▸ What you will do: Everything in the data must be repeated exactly, apart from the pictures, which are left out.

BEGIN Given data

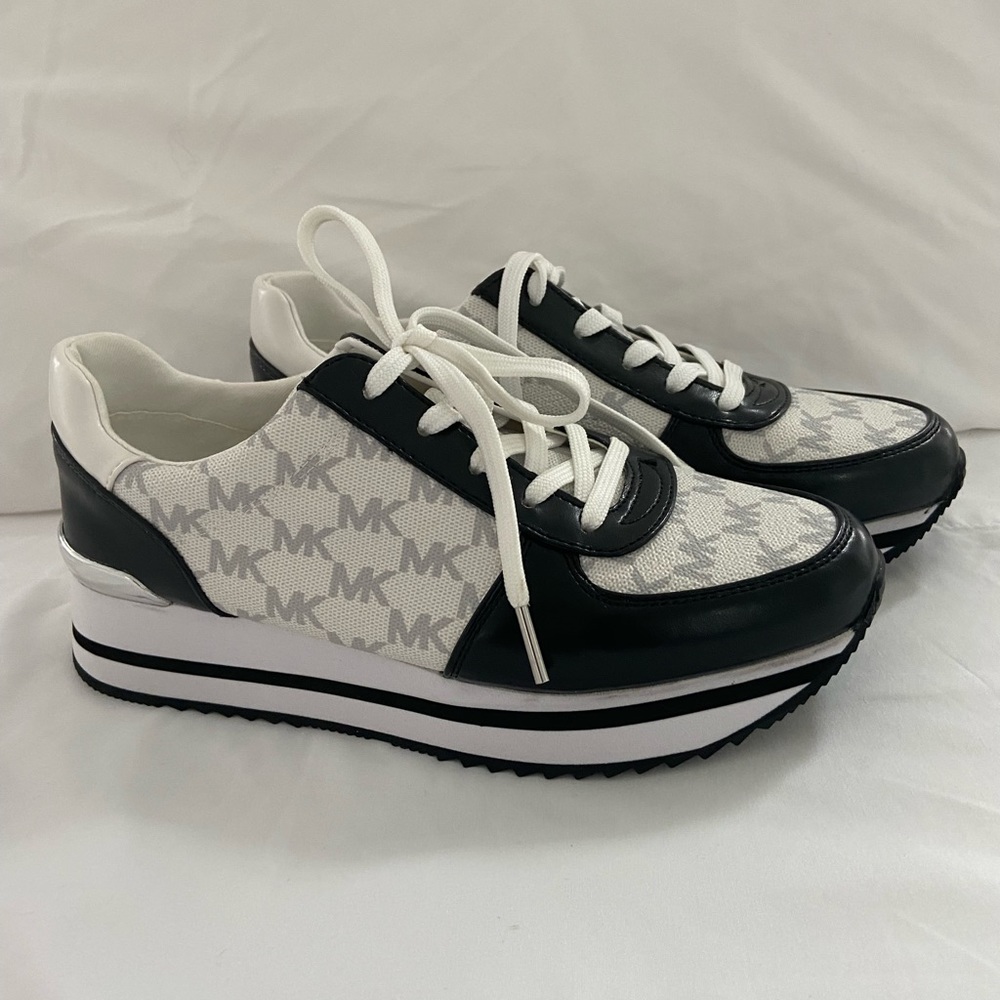 Brand New Michael Kors sneakers 7.5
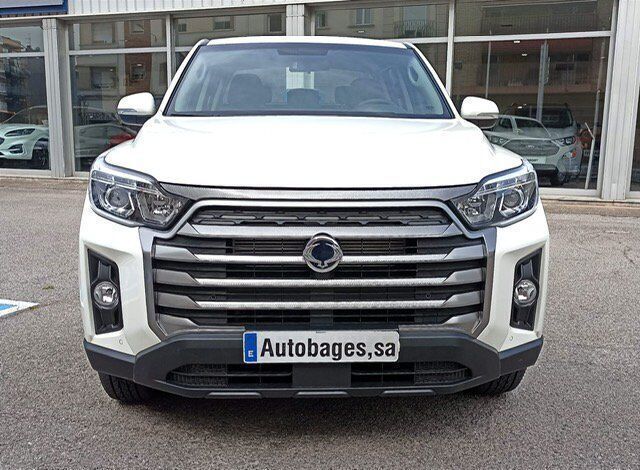 Usado Ssangyong (KGM) Musso 202 CV (148 kW) 2023 Blanco Berlina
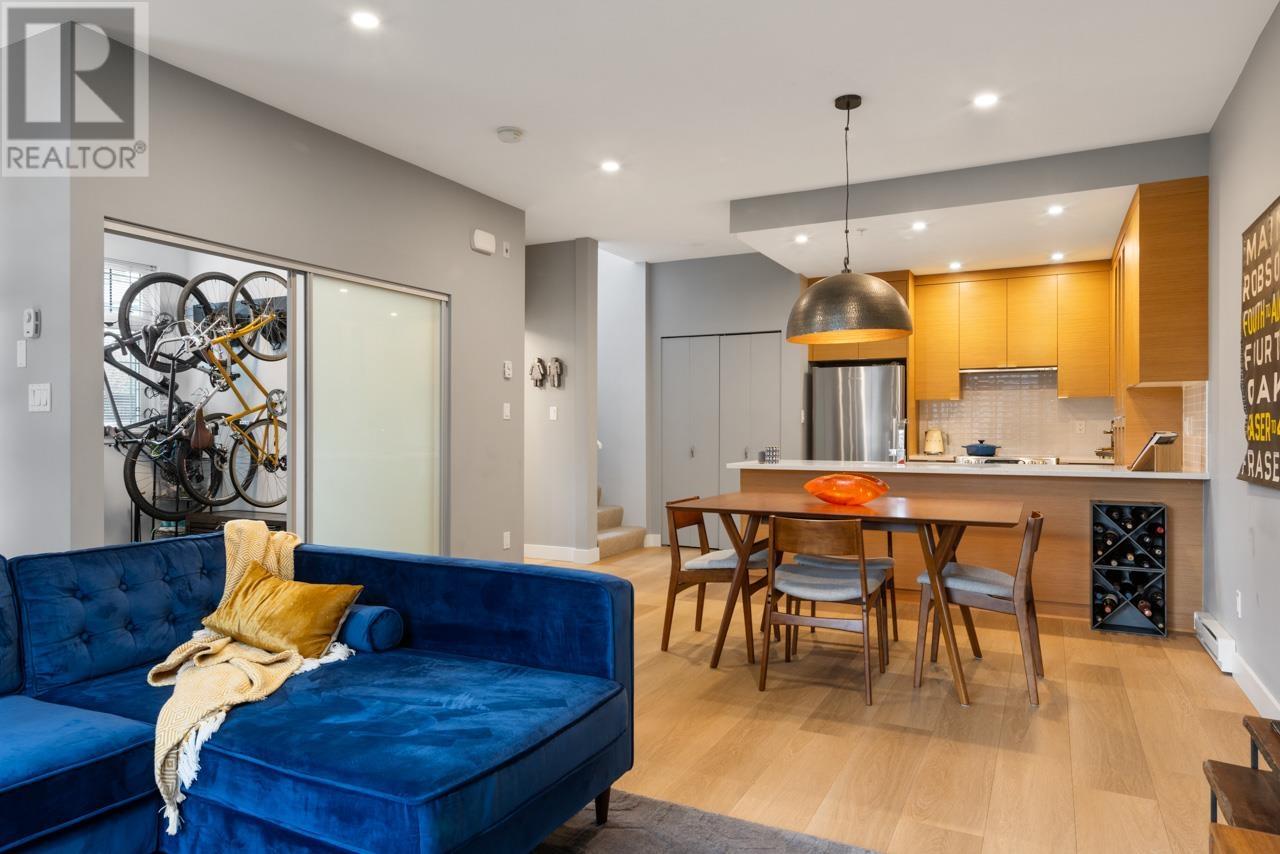 Listing Picture 6 of 39 : 171 E 17TH AVENUE, Vancouver / 溫哥華 - 魯藝地產 Yvonne Lu Group - MLS Medallion Club Member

END Given data

▸ Response to the task:
 Brand New Michael Kors sneakers 7.5
 Usado Ssangyong (KGM) Musso 202 CV (148 kW) 2023 Blanco Berlina
 Listing Picture 6 of 39 : 171 E 17TH AVENUE, Vancouver / 溫哥華 - 魯藝地產 Yvonne Lu Group - MLS Medallion Club Member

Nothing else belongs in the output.